Overview
The purpose of this clinical trial is to evaluate the effectiveness and safety of this spinal robot in assisting doctors to perform laminectomy in spinal surgery under the premise of ensuring the safety of the subjects and ensuring the scientific nature of the clinical trial.
Description
This is a multicenter, randomized, blind evaluation, parallel-controlled, and superiority clinical trial. The objective of this study is to evaluate the effectiveness and safety of a spinal robot in assisting surgeons in laminectomy. The experiment included 3 centers with a total sample size of 70. The experimental group is the robot laminectomy group (RL group), and the control group is the manual laminectomy group (ML group). Laminectomy in the RL group is performed robotically, while laminectomy in the ML group is performed by the physician using an ultrasonic osteotome. The primary outcome measure is the accuracy of laminectomy. Secondary outcome measures included JOA score, VAS score, laminectomy success rate, laminectomy time per spinal segment, total laminectomy time, operative time, amount of surgical bleeding, number of X-ray exposures and total dose, and planned area excision rate.
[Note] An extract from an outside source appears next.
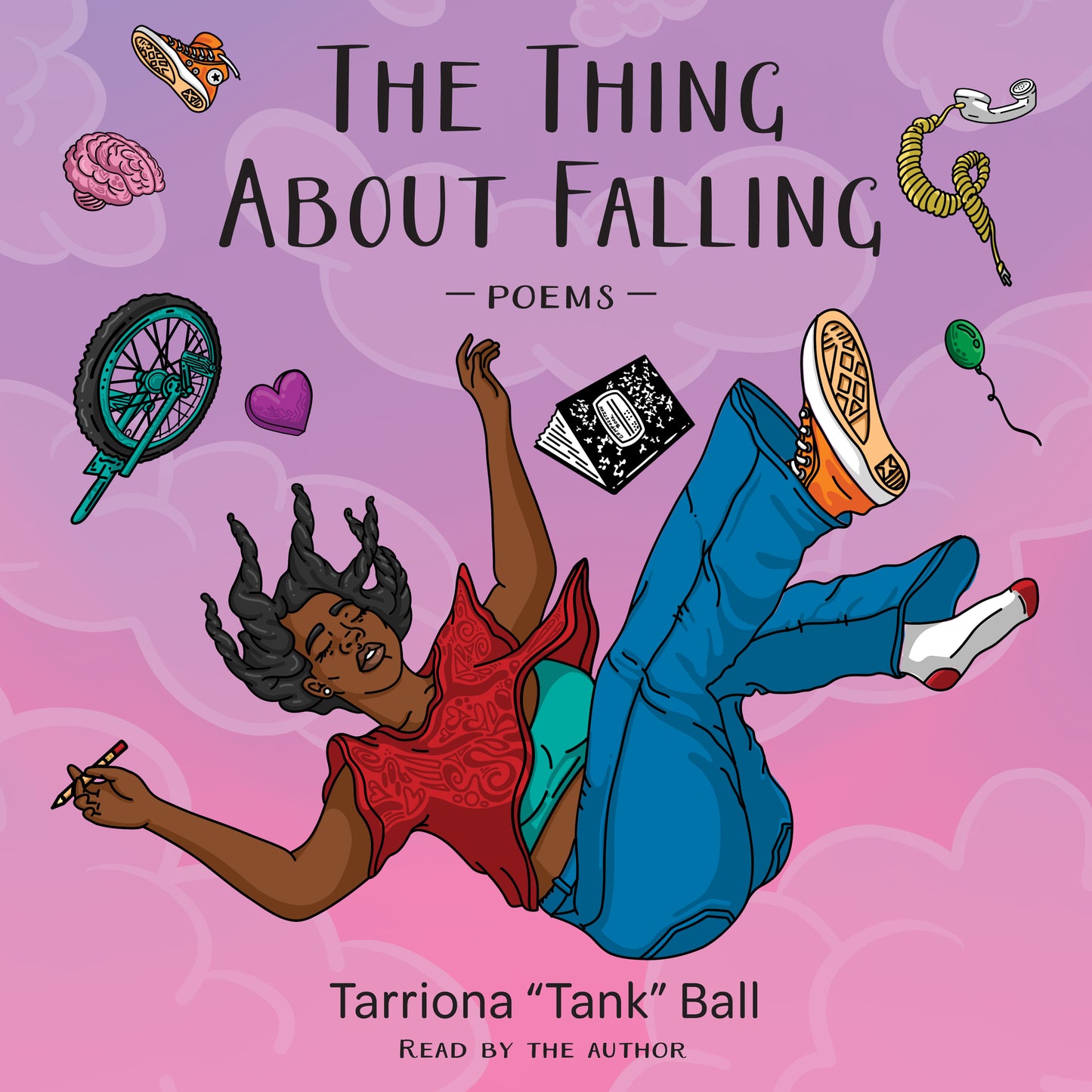 Thing About Falling: Poems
The evaluation was completed by comparing the outcomes between the two groups.
Eligibility
Inclusion Criteria:
- Patients aged 18-80 years old (including 18 and 80 years old), regardless of gender;
- Patients with complete clinical data, willing and able to sign informed consent;
- Patients with lumbar disc herniation, lumbar spinal stenosis, lumbar instability, lumbar spondylolisthesis, and lumbar fracture meet the indications for spinal laminectomy and undergoing open surgery;
- Patients with lumbar disc herniation, lumbar spinal stenosis, or lumbar instability
have one of the following:
- It was not effective after 3 months of conservative treatment
- Symptoms seriously affect the quality of life
- cauda equina nerve injury
- Lumbar spondylolisthesis occurs in one of the following:
- Symptoms of II° and below slip were not relieved by non-surgical treatment
- Lumbar spondylolisthesis III° and above
- Symptoms of lumbar spinal stenosis
- The TLISS score of lumbar spine fracture is greater than or equal to 4 points.
Exclusion Criteria:
- Patients who are not suitable for robot-assisted surgery;
- Patients with existing implants in or near the vertebral body of the lesion;
- Patients whose vertebral lamina bone tissue of the focal vertebra or adjacent vertebra has been removed;
- Pregnant and lactating female patients;
- the subject is unwilling or unable to restrict activities or follow medical advice;
- Patients with infection near the focal area;
- The patient is mentally incapable or unable to understand the requirements for participating in the study;
- The patient is critically ill, the expected survival period is not more than 2 years, and it is difficult to make an accurate assessment of the effectiveness and safety of the device;
- Patients with coagulation dysfunction;
- Other researchers did not consider it suitable for admission.